Balada Anak Pondok
Cerita tentang sang adik yang mengikuti jejak kakaknya menjadi anak pesantren yang hidup jauh dari orang tua dan keluarga.


Kemarin adik perempuan saya menelepon. Seperti biasa dia bertanya kapan saya akan menjenguknya. Kebetulan sekali hari ini saya harus ke rumah teman yang searah dengan pondok pesantren adik. Jadi bisa sekalian ke sana pikir saya.
Hampir enam bulan si adik mondok di pesantren, dan itu adalah keinginannya sendiri, padahal jauh sebelumnya saya sempat menawarkan sekolah SMA saja, tapi apa mau dikata tekadnya sudah bulat untuk menjadi anak pondok.
Perjanjian
Singkat cerita jadilah dia mendaftar ke pondok setelah meyakinkan saya dan Ibu dengan janji akan belajar mandiri dan tidak akan merengek minta pindah sekolah jika ada sesuatu yang tidak nyaman di kemudian hari.

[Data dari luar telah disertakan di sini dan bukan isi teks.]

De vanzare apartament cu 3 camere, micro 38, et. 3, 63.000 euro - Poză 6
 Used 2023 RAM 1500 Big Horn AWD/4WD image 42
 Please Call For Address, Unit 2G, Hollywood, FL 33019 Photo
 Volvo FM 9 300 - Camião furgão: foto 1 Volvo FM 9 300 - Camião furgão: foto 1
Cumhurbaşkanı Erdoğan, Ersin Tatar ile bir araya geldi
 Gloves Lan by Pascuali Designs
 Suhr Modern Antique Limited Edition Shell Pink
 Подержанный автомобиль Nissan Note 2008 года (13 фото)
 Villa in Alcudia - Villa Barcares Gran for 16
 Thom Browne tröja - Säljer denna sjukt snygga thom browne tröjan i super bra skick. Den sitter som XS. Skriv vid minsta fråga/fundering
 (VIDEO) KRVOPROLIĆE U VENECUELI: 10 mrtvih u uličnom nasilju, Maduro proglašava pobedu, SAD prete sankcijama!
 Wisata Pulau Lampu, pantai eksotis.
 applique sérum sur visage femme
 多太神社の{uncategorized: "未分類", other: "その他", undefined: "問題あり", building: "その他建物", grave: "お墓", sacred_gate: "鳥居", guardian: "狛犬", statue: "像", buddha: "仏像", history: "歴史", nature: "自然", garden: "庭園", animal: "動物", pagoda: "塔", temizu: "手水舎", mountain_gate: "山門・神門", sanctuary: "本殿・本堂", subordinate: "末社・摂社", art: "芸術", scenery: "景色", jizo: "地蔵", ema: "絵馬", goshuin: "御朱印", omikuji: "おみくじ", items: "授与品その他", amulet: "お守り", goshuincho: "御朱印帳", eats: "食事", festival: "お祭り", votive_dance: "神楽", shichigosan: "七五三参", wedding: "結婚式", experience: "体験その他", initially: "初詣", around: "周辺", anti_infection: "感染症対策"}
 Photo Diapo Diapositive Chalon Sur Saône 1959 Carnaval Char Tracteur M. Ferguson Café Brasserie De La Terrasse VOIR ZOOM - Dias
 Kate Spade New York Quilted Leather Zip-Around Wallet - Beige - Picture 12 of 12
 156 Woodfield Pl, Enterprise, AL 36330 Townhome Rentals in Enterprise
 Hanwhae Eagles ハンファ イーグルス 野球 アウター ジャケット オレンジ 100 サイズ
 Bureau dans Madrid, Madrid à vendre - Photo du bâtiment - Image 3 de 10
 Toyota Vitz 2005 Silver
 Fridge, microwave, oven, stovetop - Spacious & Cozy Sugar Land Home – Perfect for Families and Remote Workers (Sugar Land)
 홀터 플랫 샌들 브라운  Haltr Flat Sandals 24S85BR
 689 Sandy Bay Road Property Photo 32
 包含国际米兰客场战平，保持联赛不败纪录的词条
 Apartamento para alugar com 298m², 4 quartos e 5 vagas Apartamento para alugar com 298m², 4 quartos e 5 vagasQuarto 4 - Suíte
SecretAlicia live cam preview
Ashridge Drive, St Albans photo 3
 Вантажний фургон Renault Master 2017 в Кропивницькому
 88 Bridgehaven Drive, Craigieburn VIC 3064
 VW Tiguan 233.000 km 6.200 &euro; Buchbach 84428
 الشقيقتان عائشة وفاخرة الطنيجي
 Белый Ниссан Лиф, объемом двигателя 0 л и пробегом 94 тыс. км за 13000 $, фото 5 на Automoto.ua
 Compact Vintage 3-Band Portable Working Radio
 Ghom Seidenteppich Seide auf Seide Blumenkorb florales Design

Waktu itu lumayan banyak juga yang harus di beli. Mulai dari kasur, lemari dan tentu saja peralatan sekolah. Untungnya kalau pakaian tidak terlalu banyak karena kebetulan badan kami seukuran, jadi sebagian gamis dan kerudung saya yang masih bagus bisa dipakai oleh adik.
Jadwal Kunjungan
Di bulan pertama saya sering berkunjung ke pesantren setiap hari Jumat karena saya mengerti bahwa adik masih harus beradaptasi dan butuh penyemangat. Agar dia senang saya pun selalu membawakan makanan yang dia senangi. Kebetulan tempat kos saat ini lumayan dekat hanya sekitar 20 menit perjalanan, jadi sama sekali tidak merepotkan.
Selain saya, sosok yang selalu menengok adik di pesantren adalah Ibu. Di tengah kesibukannya Mak (panggilan saya kepada Ibu) selalu menyempatkan diri pergi ke kota Langsa minimal 1 kali dalam setiap bulannya.
Dulu vs Sekarang
Pondok pesantren tempat si kakak sekarang menuntut ilmu adalah pondok di mana saya dulu menuntut ilmu. Setiap sudut pondok akan membangkitkan memori masa lalu. Berbeda dengan sang adik yang memulai di tingkat alawiyah, saya mulai sekolah di pesantren sejak tsanawiyah.
Ada banyak pertimbangan yang membuat ibu khawatir, selain dirasa masih kecil, saya pun sering sakit-sakitan. Tapi syukur, pada akhirnya ibu merelakan saya untuk menimba ilmu di pondok.
Saat itu tahun 1996. Saya ingat sekali kalau kehidupan di pondok tidak semudah dan senyaman saat ini. Sebut saja soal air yang warnanya sangat kuning, belum lagi jika musim ujian. Jangankan air bersih, yang kotor pun sulit mendapatkannya. Kami harus rela mengangkat air dari sumur besar peninggalan belanda yang ada di belakang asrama.
Sambal & Pohon Ceri
Meskipun tidak seenak sekarang tapi ada banyak hal dari pondok lama yang mungkin tidak dirasakan oleh generasi pondok saat ini. Salah satunya adalah makanan. Kalau sudah waktunya sarapan kami bersemangat untuk mengantre di dapur umum demi mendapatkan sambal hijau dengan minyak jelantah yang kelezatannya tidak bisa tergantikan oleh makanan modern.
Selain sambal, ikon lain dari pesantren di masa saya dulu adalah pohon ceri yang dikenal angker dan berpenghuni. Untungnya saat ini pohon yang sering menjadi kambing hitam seringnya orang kesurupan di pondok sudah tidak ada lagi.
Doa untuk Adik
Tidak terasa sudah 14 tahun saya meninggalkan pondok dan sekarang saya rajin berkunjung ke tempat ini lagi. Tempat di mana ustaz dan ustazah mengajarkan banyak ilmu kepada saya. Semoga saja si adik betah dan bisa menyelesaikan sekolahnya di pondok ini.